Millimeter Wave Module

The MY-5001B radio altimeter is an all-solid-state C-band device featuring a frequency-modulated continuous wave (FM-CW) system, a constant differential beat frequency, and a closed-loop tracking and measurement mechanism. It ensures a constant beat frequency through servo control of the slope of the sawtooth wave that modulates the microwave oscillator, thereby achieving automatic height tracking. This altimeter incorporates a suite of advanced technologies, including narrowband reception, weighted frequency discrimination, equivalent spectrum leading edge detection, gain PID control, instantaneous sensitivity compensation, temperature compensation, horizon frequency selection design, and power silence. These technologies collectively endow it with advantages such as accurate height measurement, stable tracking, adaptability to various terrains, a wide height measurement range, high precision, and strong anti-interference capabilities.

The MY-70A radio altimeter is a solid-state C-band radio altimeter system based on frequency-modulated continuous wave (FMCW) technology, featuring constant beat frequency and closed-loop tracking measurement. It maintains a constant beat frequency by servo-controlling the slope of the sawtooth wave that modulates the microwave oscillator, thereby achieving automatic altitude tracking. Under the condition of a constant beat frequency, the measured altitude is proportional to the modulation period; thus, altitude information can be acquired by measuring the modulation period, and the system then converts this information into an altitude voltage for output. The MY-70A altimeter boasts excellent anti-jamming performance, thanks to its adoption of a narrow-band receiver (with gain adjustable according to altitude), as well as technologies including equivalent spectrum front-end detection, weighted frequency identification, and automatic servo tracking. Additionally, the altimeter’s high-frequency components are implemented with microwave integration, while its low-frequency components utilize a modular design—these measures collectively enhance the product’s reliability, anti-interference capability, and electromagnetic compatibility.

The MDG-300 radio height-fixing device operates in the C-band and adopts a pulse compression system. Its sensitive component is of the heterodyne type, and the circulator at the antenna terminal uses a transceiver common-mode design. Prior to missile launch, the height-fixing device is powered on, and it undergoes self-check and height presetting via the communication interface. After the missile is launched, the radio frequency (RF) module is activated, and a gate is set in accordance with the preset height. When the preset height is reached, the device outputs height-fixing command information and telemetry data. The MDG-300 height-fixing device features mature technology: its pulse compression technology can enhance the altimeter’s height measurement performance, and it has the characteristic of a wide height measurement range. Additionally, the digital pulse compression function based on FPGA (Field-Programmable Gate Array) endows it with advantages such as small size, low power consumption, and low cost.

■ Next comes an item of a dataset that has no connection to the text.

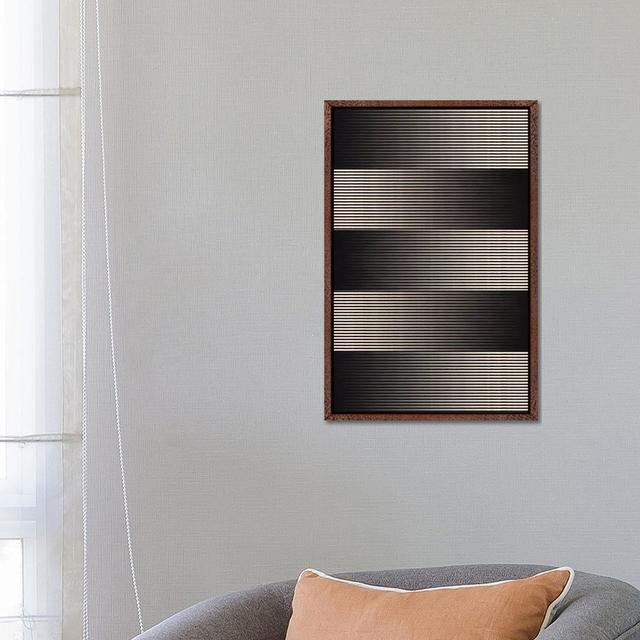 Modern Art- Grayscale Ivy Bronx Size: 66.04cm H x 45.72cm W x 3.81cm D, Format: Classic Wood Framed on Productcaster.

The MASS-10 Universal Echo Precision Delay Module, featuring a miniature design and universal continuous simulation capability, is a high-performance component tailored for precise echo signal delay control in radio frequency (RF) testing scenarios. It excels in providing accurate, adjustable delay for echo signals across a wide range of frequencies, making it applicable to various devices like radio altimeters, radars, and other RF-based systems that require reliable echo signal simulation. With its compact size, the module is easy to integrate into limited-space test setups, while the universal continuous simulation function ensures it can replicate diverse real-world signal delay conditions consistently. This module plays a crucial role in verifying the performance of target devices—such as testing their ability to accurately capture and process delayed echo signals—thereby supporting the development, calibration, and quality assurance of RF equipment with high precision and flexibility.